## Data extract
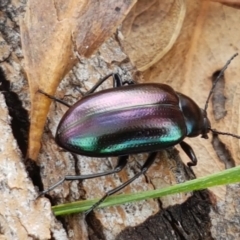 Chalcopteroides columbinus (Rainbow darkling beetle) at Sullivans Creek, Lyneham South - 22 Feb 2021 by trevorpreston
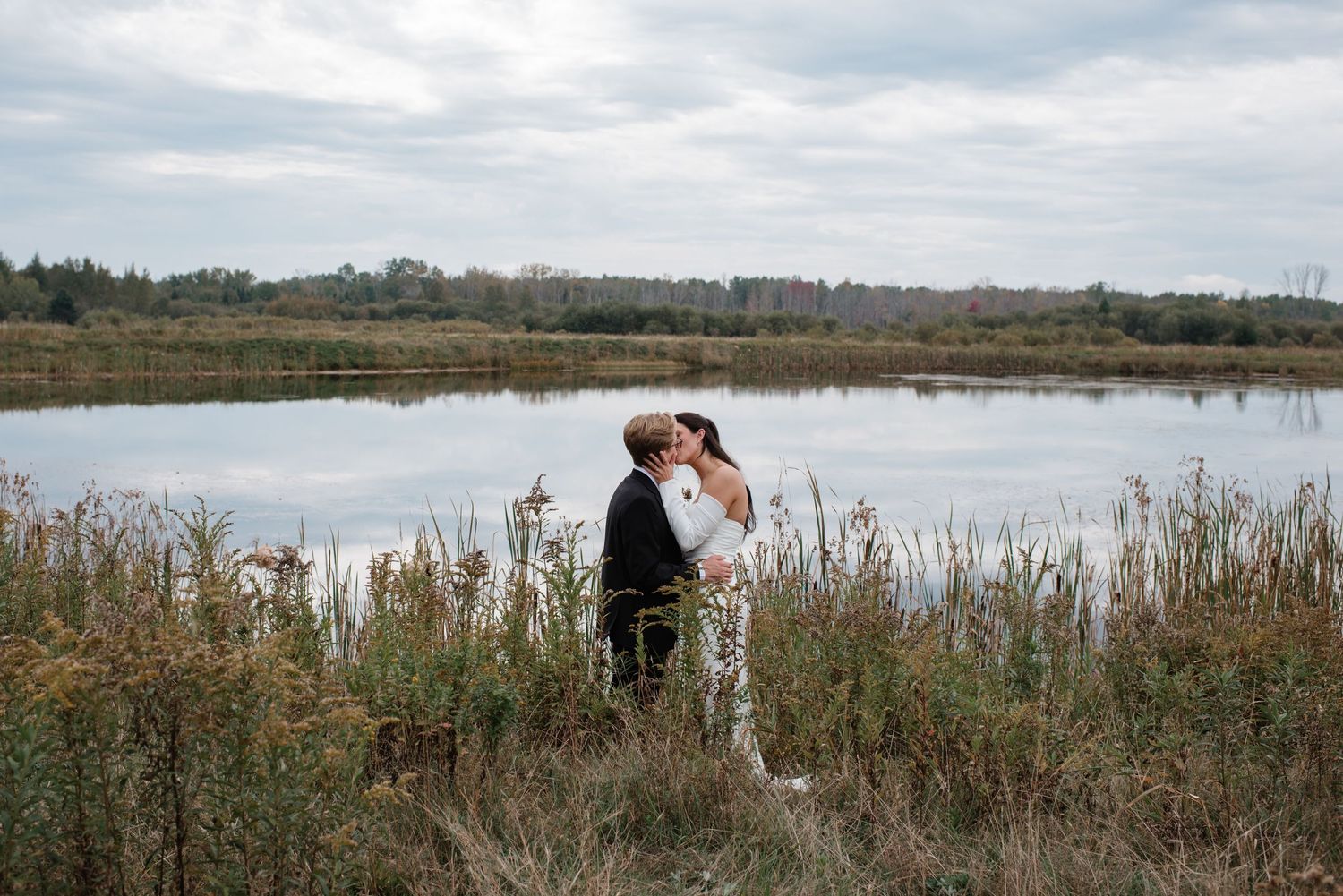 A sweeping panoramic view of a serene wetland area with tall grasses and a cloudy sky above.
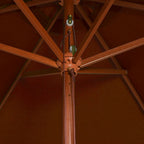 Ombrellone da Giardino con Palo in Legno Terracotta 200x300 cm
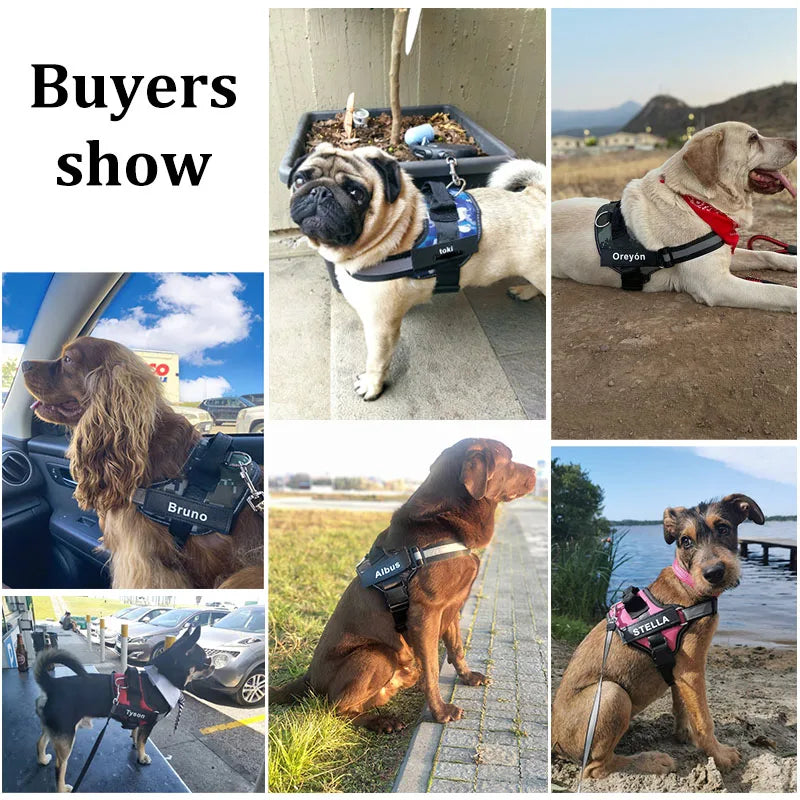 Personalized NO PULL Reflective Pet Harness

## Requirement
Omit the pictures and write out the lines above from the one with "A sweeping panoramic" through the last, unchanged.

## Completed task
 A sweeping panoramic view of a serene wetland area with tall grasses and a cloudy sky above.
 Ombrellone da Giardino con Palo in Legno Terracotta 200x300 cm
 Personalized NO PULL Reflective Pet Harness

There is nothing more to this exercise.